• _ABOUT THIS TASK_:
Copy only the lines from the one containing "Super Fighter Figures 10cm (Design May Vary)" through the final line of the records below, exactly as written, with no pictures.

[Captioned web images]
= Beginning of Section =
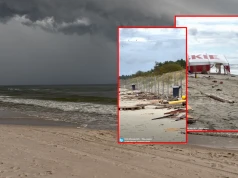 Smutny widok na plaży w Piaskach. "Wygląda zupełnie inaczej"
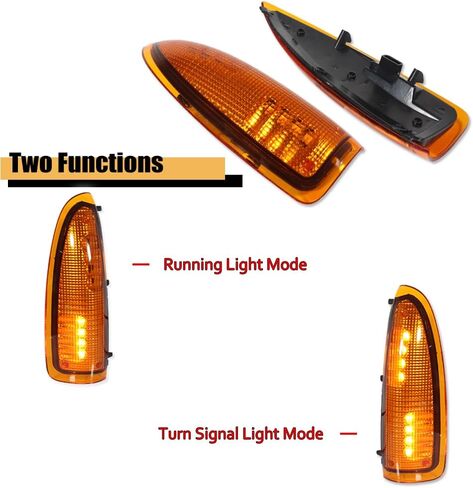 GTINTHEBOX لـ 2003 2004 2005 2006 2007 Ford F250 F350 F450 F550 F650 Super Duty و2000-2005 Ford Excursion عدسة مدخنة LED مرآة جانبية مصباح إشارة الانعطاف in Saudi Arabia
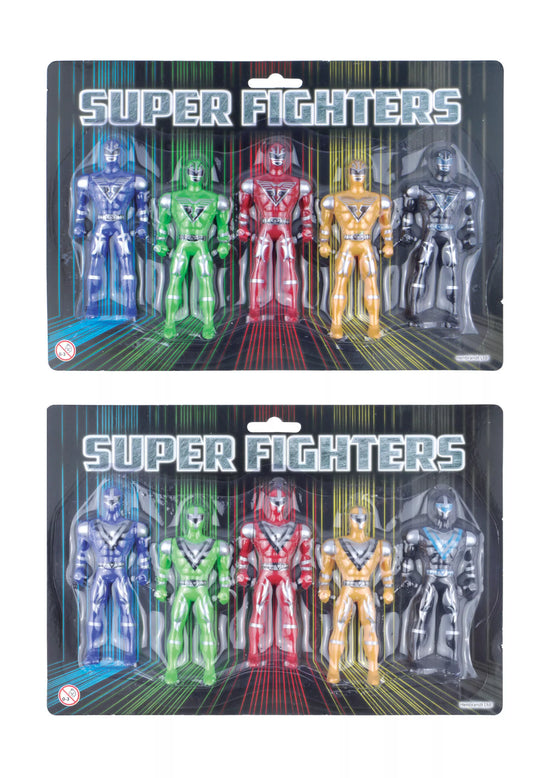 Super Fighter Figures 10cm (Design May Vary)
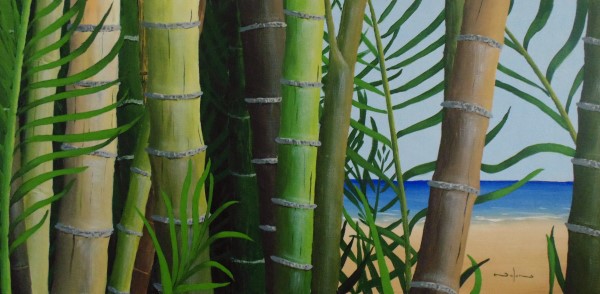 how to paint bamboo palms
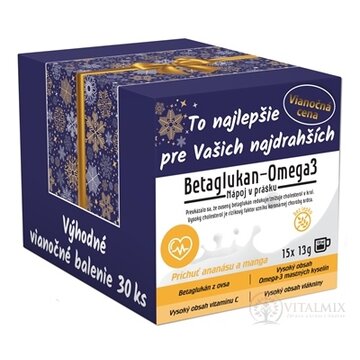 asp BETAGLUKAN - OMEGA 3 Vianoce nápoj v prášku, vrecúška 30x13 g (390 g) obrázok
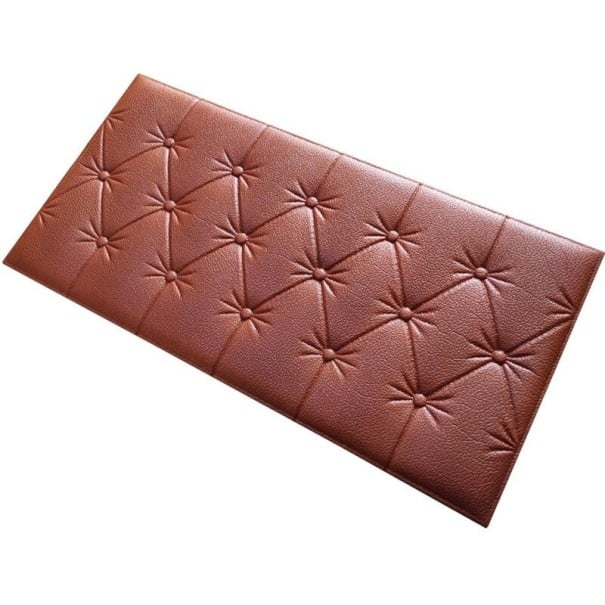 Itseliimautuva tapetti 30 x 60 cm G2262 ruskea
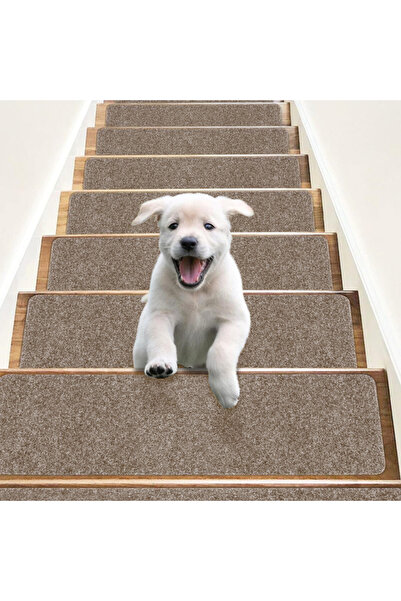BEYLİNİ Merdiven Halısı Halıfleks Basamak Ve Merdiven Paspası Kaymaz Taban Devetüyü 20x75 Cm (1 ADET)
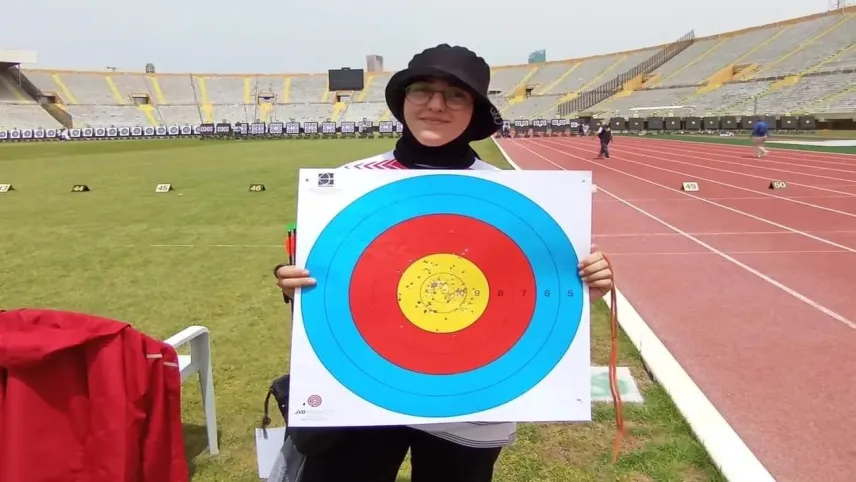 Okçu Şeydanur Utuş milli takımda seçildi haberinin görseli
= End of Section =
• _EXPECTED ANSWER_:
 Super Fighter Figures 10cm (Design May Vary)
 how to paint bamboo palms
 asp BETAGLUKAN - OMEGA 3 Vianoce nápoj v prášku, vrecúška 30x13 g (390 g) obrázok
 Itseliimautuva tapetti 30 x 60 cm G2262 ruskea
BEYLİNİ Merdiven Halısı Halıfleks Basamak Ve Merdiven Paspası Kaymaz Taban Devetüyü 20x75 Cm (1 ADET)
 Okçu Şeydanur Utuş milli takımda seçildi haberinin görseli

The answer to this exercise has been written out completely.